Re: Comment on: RISC-V Semihosting specification

Anup Patel

unread,

Oct 10, 2024, 1:09:56 AM10/10/24

to Frank K. Gurkaynak, RISC-V ISA Dev, apa...@ventanamicro.com

Hi,

On Thu, Sep 26, 2024 at 11:06 AM Frank K. Gurkaynak <k...@iis.ee.ethz.ch> wrote:
>
> Hello,
>
> I would appreciate if a short explanation is added to explain how this specific command sequence
>
> slli x0, x0, 0x1f
> ebreak
> srai x0, x0, 7
>
> has been selected/designed. This could be a footnote, or explained inline. I believe this is important for people 'learning' about ISAs and studying them. The base ISA explains almost all of their choices very clearly, something that is highly appreciated when used in teaching or studied by beginners.
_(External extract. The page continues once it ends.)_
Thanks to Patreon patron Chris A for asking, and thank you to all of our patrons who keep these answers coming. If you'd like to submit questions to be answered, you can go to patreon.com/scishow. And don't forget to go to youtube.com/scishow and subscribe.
Even something like "we needed a distinctive unlikely NOP instruction to mark the begin and end, and slli and srai have been chosen because.." would help.
>
> As a HW engineer, in some smaller implementations where a barrel shifter is expensive, I can think of cases where the slli with non power of two actually takes several clock cycles as opposed to say any simple boolean logic function.
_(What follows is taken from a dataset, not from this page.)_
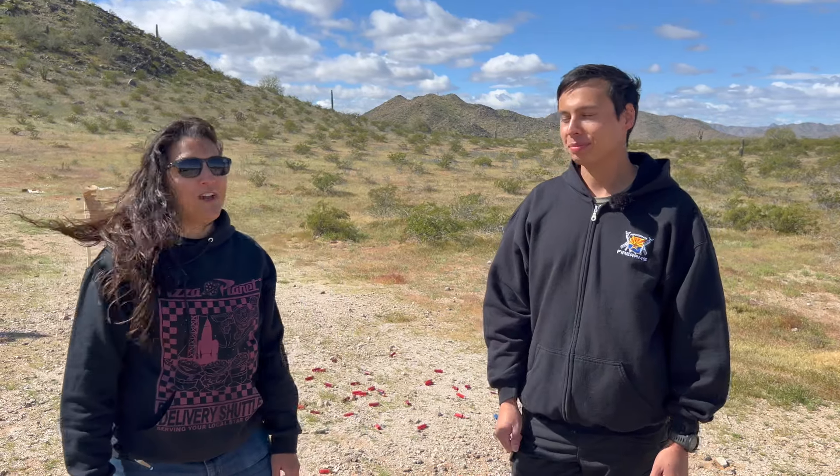I would say you're a pretty experienced shooter, but have you shot a lot of 12 gauge? Not a lot of 12 gauge — not at all. It's been years since I've shot one. So I'm excited to see what we're gonna do today. I'm gonna have Danny shoot a variety of 12 gauge shotguns with birdshot, buckshot, and slugs, and we're gonna see how well she does on the targets today. Let's get into it.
The shift based NOP instructions and the EBREAK instruction are part
of the RV32I and RV64I (aka Base Integer Instruction Set) which is
mandatory for all RISC-V implementations (including microcontrollers)
so these instructions are assumed to be always present. I will add
some non-normative text along these lines.

Regards,
Anup

Bruce Hoult

unread,

Oct 10, 2024, 1:55:34 AM10/10/24

to Anup Patel, Frank K. Gurkaynak, RISC-V ISA Dev, apa...@ventanamicro.com

I missed the original message in my mail.

> As a HW engineer, in some smaller implementations where a barrel shifter is expensive, I can think of cases where the slli with non power of two actually takes several clock cycles as opposed to say any simple boolean logic function.

I'm curious about this, from several angles.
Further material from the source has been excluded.